<<<<

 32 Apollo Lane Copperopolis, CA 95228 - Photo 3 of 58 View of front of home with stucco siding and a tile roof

>>>>
<<<<

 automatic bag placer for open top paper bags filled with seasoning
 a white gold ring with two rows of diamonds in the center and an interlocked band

>>>>

Every line above from the line with "automatic bag placer" to the line with "a white gold", inclusive, must be returned exactly; no other line belongs in the reply.

 automatic bag placer for open top paper bags filled with seasoning
 a white gold ring with two rows of diamonds in the center and an interlocked band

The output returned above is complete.